Economia

Arminio Fraga diz que desmatamento afeta agronegócio brasileiro e investimentos estrangeiros

Fraga, ex-presiidente do Banco Central, disse também que o Brasil tem merecido a "imagem bastante negativa", por conta de sua política ambiental

DesmatamentoDesmatamento - Foto: Arquivo/Agência Brasil

O ex-presidente do Banco Central Arminio Fraga disse, nesta terça-feira (22), que o país está chegando a um ponto "irreversível" em relação ao desmatamento da Amazônia, o que vai afetar o investimento estrangeiro no país e o agronegócio.

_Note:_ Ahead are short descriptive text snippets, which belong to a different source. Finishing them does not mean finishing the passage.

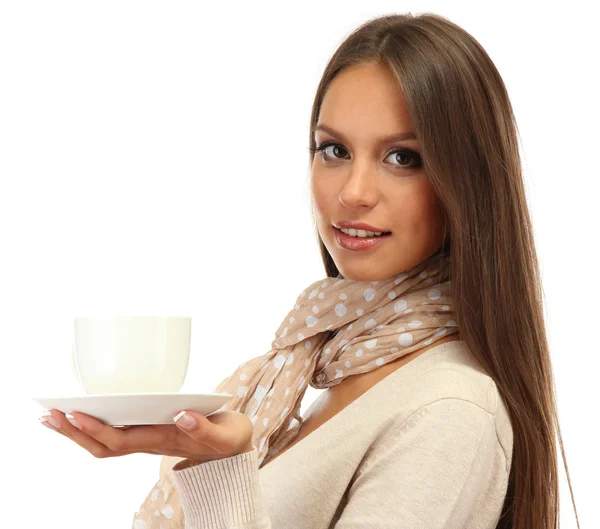 Krásná mladá žena s šálkem kávy, izolovaných na bílém — Stock fotografie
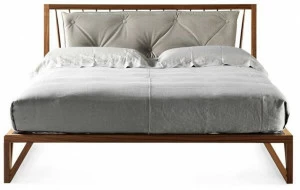 Dale Italia Двуспальная кровать из дерева с мягким изголовьем  P-120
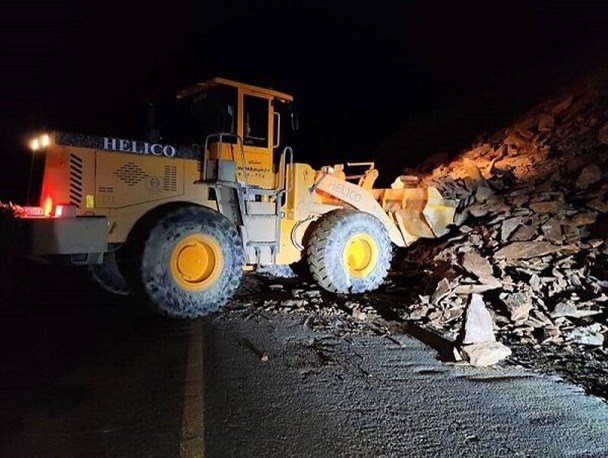 محور تهم به چورزق مسدود شد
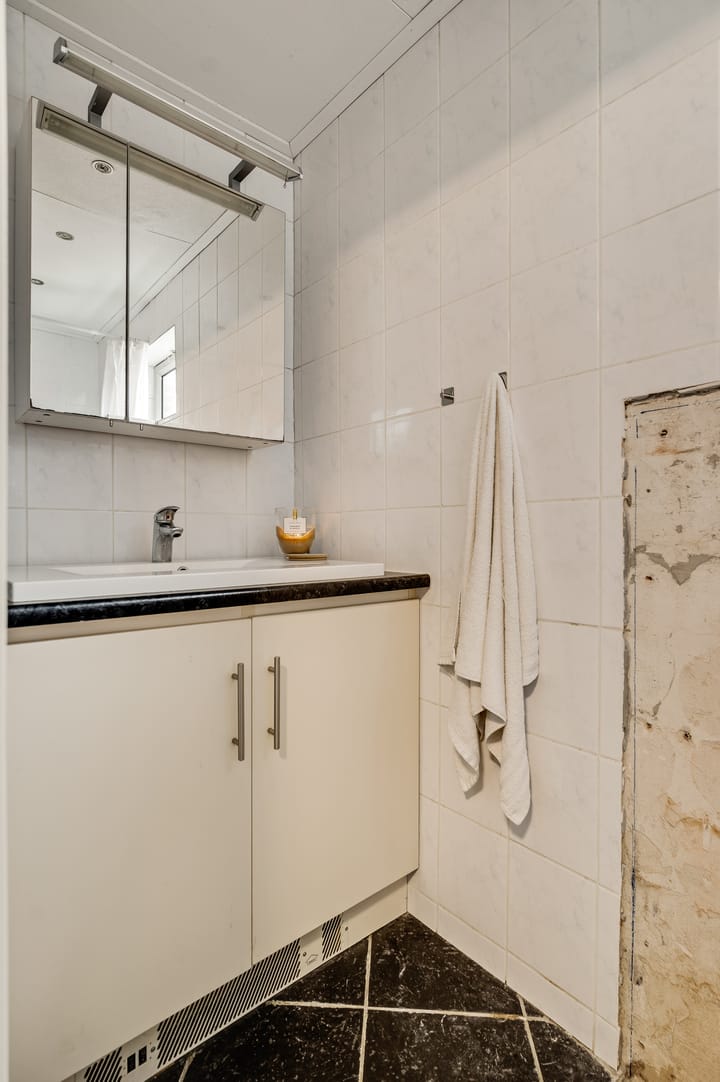 Photo 30 of Emmastraat 51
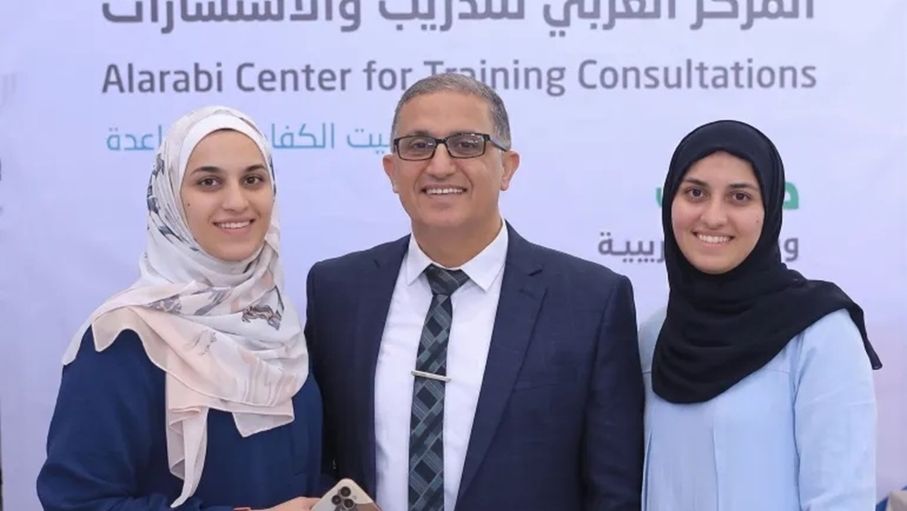 "أخذوا مني أقماري السبعة".. رحيل الدكتور جمال نعيم في الدوحة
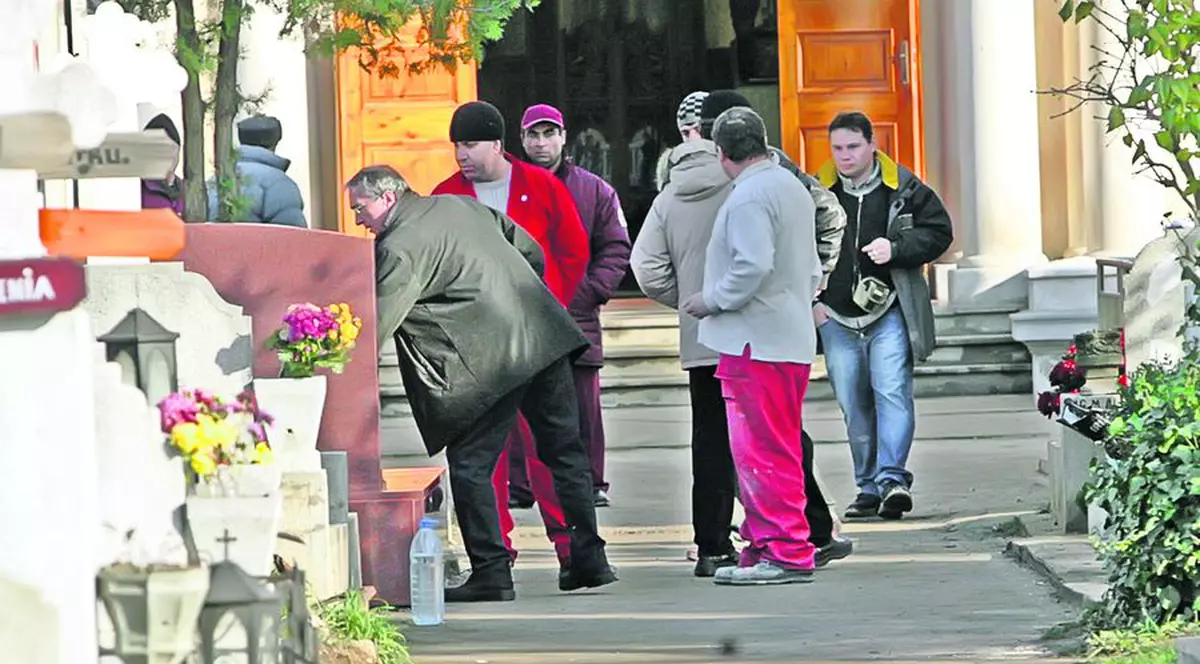 Exclusiv / Ceauşeştii, îngropaţi fără ştirea lui Valentin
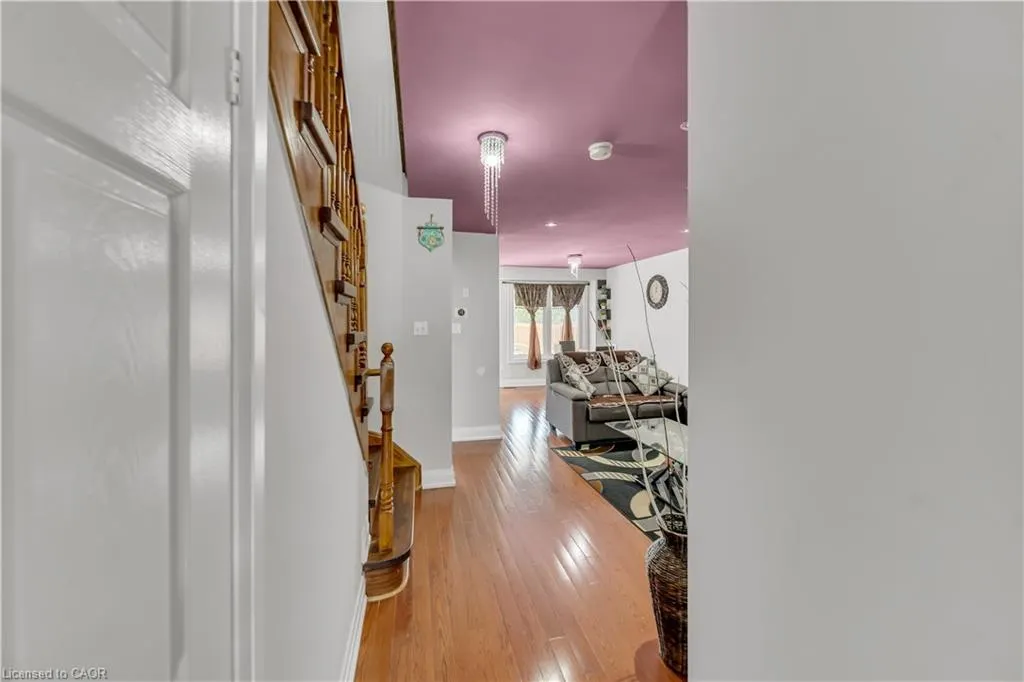 562 Orange Walk Crescent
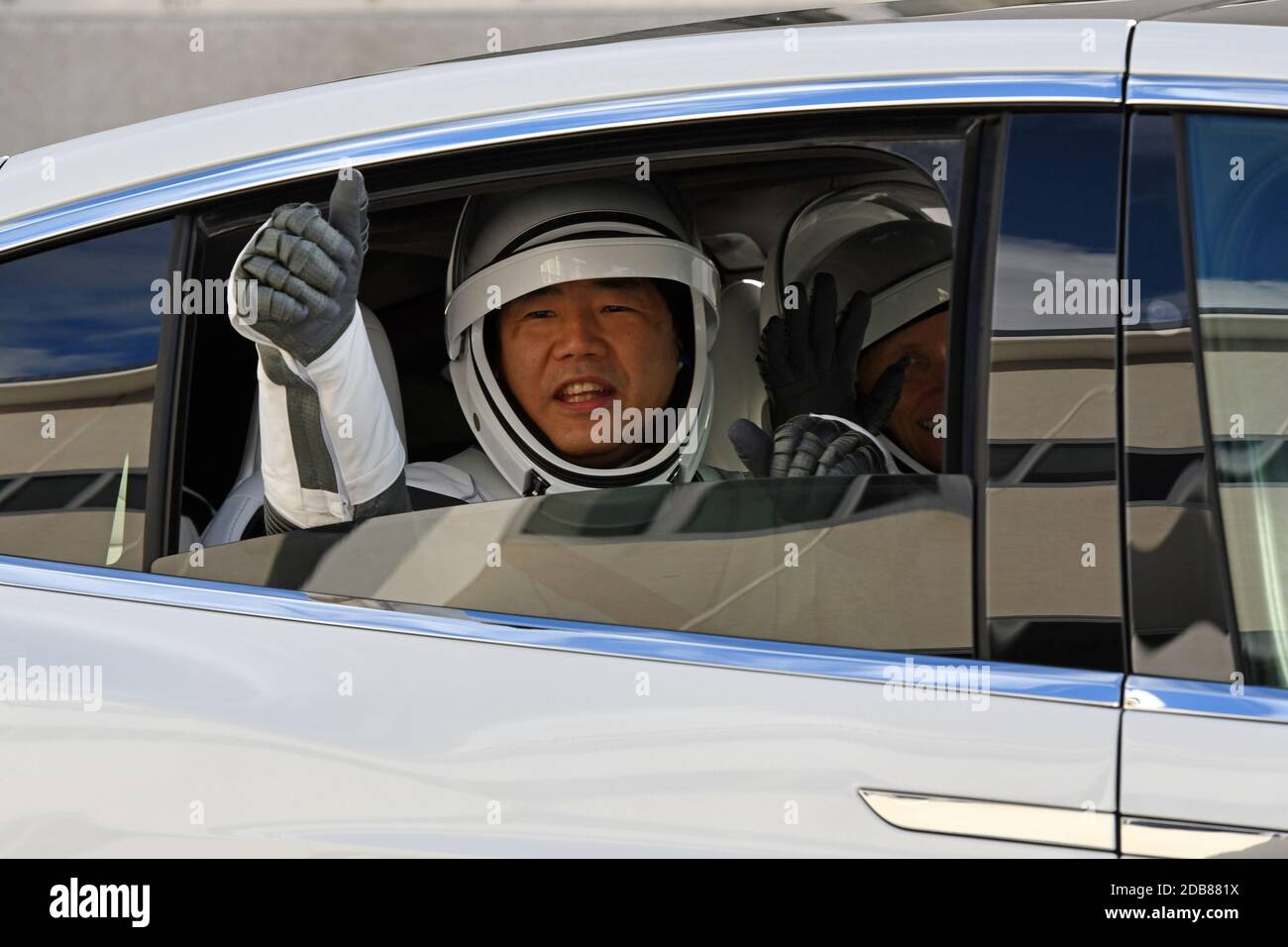 Kennedy Space Center, Stati Uniti. 16 Nov 2020. Japan Aerospace Exploration Agency (JAXA) l'astronauta Soichi Noguchi dà un pollice ai media mentre corre in una Tesla al complesso 39A presso il Kennedy Space Center, Florida, domenica 15 novembre 2020. Noguchi fungerà da Mission Specialist per il primo equipaggio operativo lanciato alla Stazione spaziale Internazionale. Foto di Joe Marino/UPI Credit: UPI/Alamy Live News Foto Stock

Fraga disse também que o Brasil tem merecido a "imagem bastante negativa", por conta de sua política ambiental. Afirmou também que o impacto das mudanças climáticas pode ter efeito social ainda mais grave que a pandemia do novo coronavírus.

As declarações foram dadas no segundo dia de audiência organizada pelo STF (Supremo Tribunal Federal), sob coordenação do ministro Luís Roberto Barroso, para discutir o Fundo Nacional sobre Mudança do Clima, além de outras questões ambientais. O evento se dá no âmbito da ADPF (Arguição de Descumprimento de Preceito Fundamental) 708, ingressada por partidos de esquerda.



No primeiro dia, participaram o presidente da Câmara dos Deputados, Rodrigo Maia (DEM-RJ), ministros, como Augusto Heleno (Gabinete de Segurança Institucional), Marcos Pontes (Ciência, Tecnologia e Inovação), Ricardo Salles (Meio Ambiente) e Tereza Cristina (Agricultura), além de diretores de órgãos ambientais, de organismos multilaterais e representantes da sociedade civil.

"O desmatamento e outros crimes ambientais, além de agravarem o problema global, trazem enorme risco para o ecossistema do agronegócio, nosso setor mais bem-sucedido, e também para a oferta de energia no nosso país. Prejudica também cada vez mais o acesso a mercados a nossos produtos", disse o ex-presidente do Banco Central.
"E, por fim, em face da crescente ênfase por parte das melhores empresas do mundo, do trio chamado em inglês ESG, traduzindo meio ambiente social e governança, essa crescente ênfase reduz a atratividade do Brasil como destino de investimentos".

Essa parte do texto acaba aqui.